(Image-text web data)
- - -
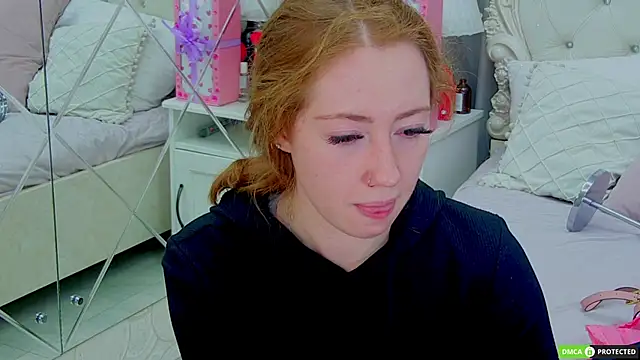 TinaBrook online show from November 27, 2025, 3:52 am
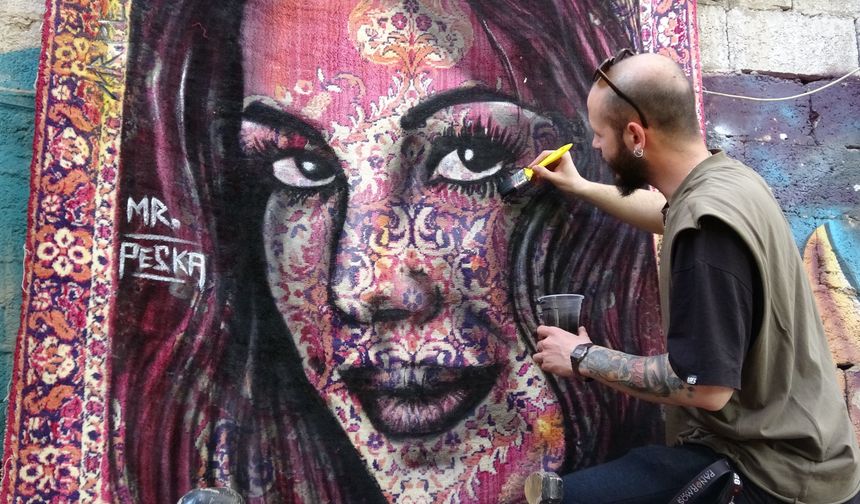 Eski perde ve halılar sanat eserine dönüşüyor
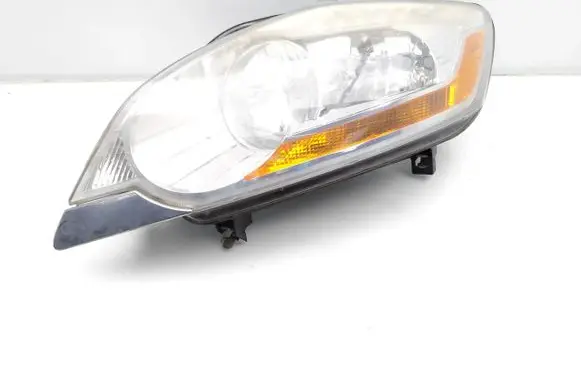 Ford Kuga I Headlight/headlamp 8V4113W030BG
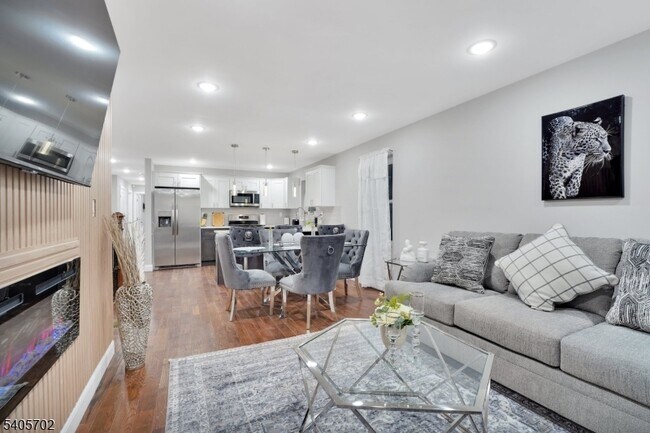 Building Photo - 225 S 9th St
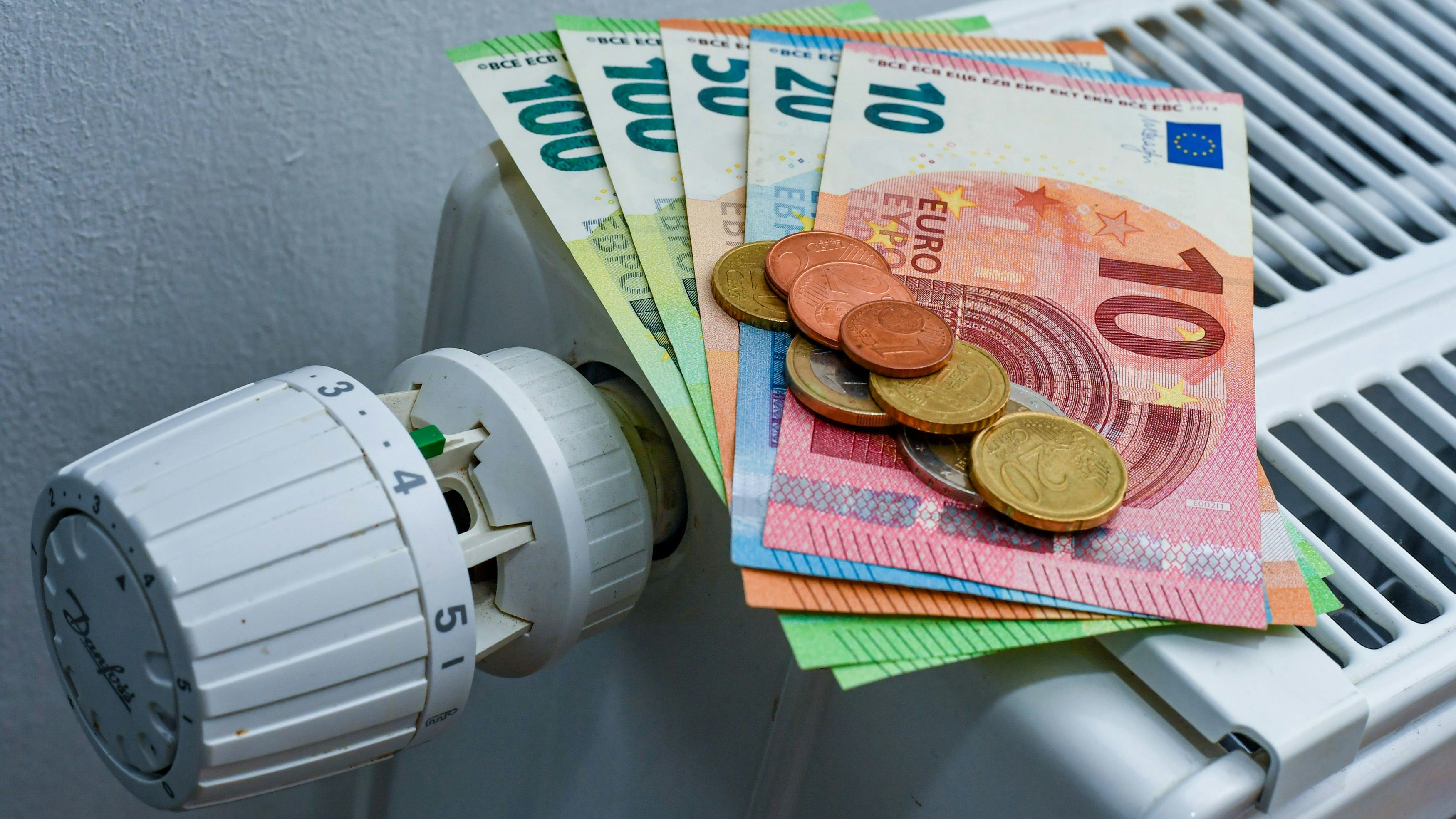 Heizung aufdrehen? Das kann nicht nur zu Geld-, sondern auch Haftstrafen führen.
- - -
§ Task brief: Omitting all images, retype each line of the records precisely.

§ Solution to this problem:
 TinaBrook online show from November 27, 2025, 3:52 am
 Eski perde ve halılar sanat eserine dönüşüyor
 Ford Kuga I Headlight/headlamp 8V4113W030BG
 Building Photo - 225 S 9th St
 Heizung aufdrehen? Das kann nicht nur zu Geld-, sondern auch Haftstrafen führen.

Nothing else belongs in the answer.